What do I see now?
Having gone through all these steps, I still don’t understand the signs on this loincloth, nor do I understand the exact role that it played in rituals and ceremonies. What I do know is that this loincloth matters to me.
What do I see now? I see a loincloth that was handed over to a Ducth museum by a Creole obiaman in 1962. I see a cloth that is charged with the history of Suriname.
Think about it: slaves were traded for one piece of cloth per slave. Keeping the best fabric in Africa, each slave went aboard wearing the cheapest piece of cloth to cover up their loins. That piece of cloth was the only thing they had, and in between that cloth and the human skin, the winti spirits and gods accompanied the enslaved women and men to Suriname.
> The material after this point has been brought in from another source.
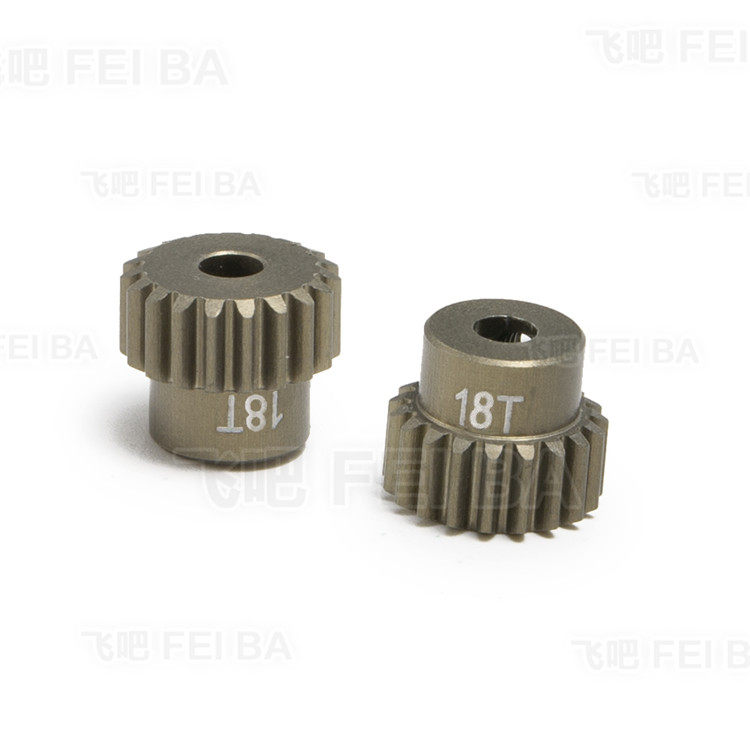 7075 48p马达齿 铝制硬化 电机齿 樱花S/CS 魔鬼R31/SCX10恒龙 - 图0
Upon arrival in Suriname, the ones that were still alive received a new piece of fabric, right before they were sent into torturous labor on one of the colony’s many plantations. It was not for another one, two or sometimes even three years that a slave would receive a new piece of fabric. Thus, most of the slaves worked on the plantation in clothes that were more holes than fabric. From the moment a slave was sold, to the years on the plantations, a piece of cloth was something precious, but also something that wore off, and something of which there was never enough to save and treasure.
Thus, fabric became the ultimate form of luxury and status among the freed Afro-Surinamese population. Fabric was one of the most important components of the treaties between the Ndyuka and the Dutch colonizers. And all was red, white and blue, from the city of Paramaribo to deep into the rainforest. Gifting loincloths marks the moment that a child becomes an adult.
Cotton cloth became intertwined with the religious life of the Creole and Maroon population of Suriname, with blue being the color used to fight off the Evil Eye (See the linked story below), to fight off evil spirits, and to guide through any process of separation, such as death, mourning, but also birth.
And then, there are the bright, white signs sewn onto a dark background on the loincloth. This heightening of colors also happens to be the summum of beauty for the Creoles and the Maroons: dark skin and white teeth, as color pops on an even background. This stark contrast makes the white stand out for the ancestor spirits that followed the slaves to Suriname.
Eddie Smart sold this loincloth to Ger van Wengen, not knowing that for someone like me, son of a Surinamese father, it would be a very tangible way to reconnect with my roots. When I look at this cloth now, I see birth and death; I see humanity and slavery; I see suffering and healing, safety and danger. But still, there is little about this cloth that I know for sure.
What do you see when you look at this cloth?
Postscriptum
The day after this story went live, a good friend helped me to get this article by Van Wengen: ‘Creools volksgeloof in Suriname’ (Creole popular religion in Suriname), 1967, 1(2) p 17 (Fig. 2). The first paragraph reads:
In March 1966 the National Ethnographic Museum opened its newly arranged Americas-wing. From now on, Suriname will be represented with its own modern and large vitrine. Centerpiece of this vitrine is a mannequin doll. It is dressed in the attire of a Creole religious specialist, the obiaman. The soll is seated between all of the paraphernalia that the obiaman needs to do his work.
It was not this text that caught my first attention: on the right is a picture with the caption “Obiaman”. This must be Eddie Smart, with his loincloth wrapped around his waist. Looking into his eyes, I realize that all the paraphernalia are secondary to Eddie, but as so often happens, the things outlive their owner.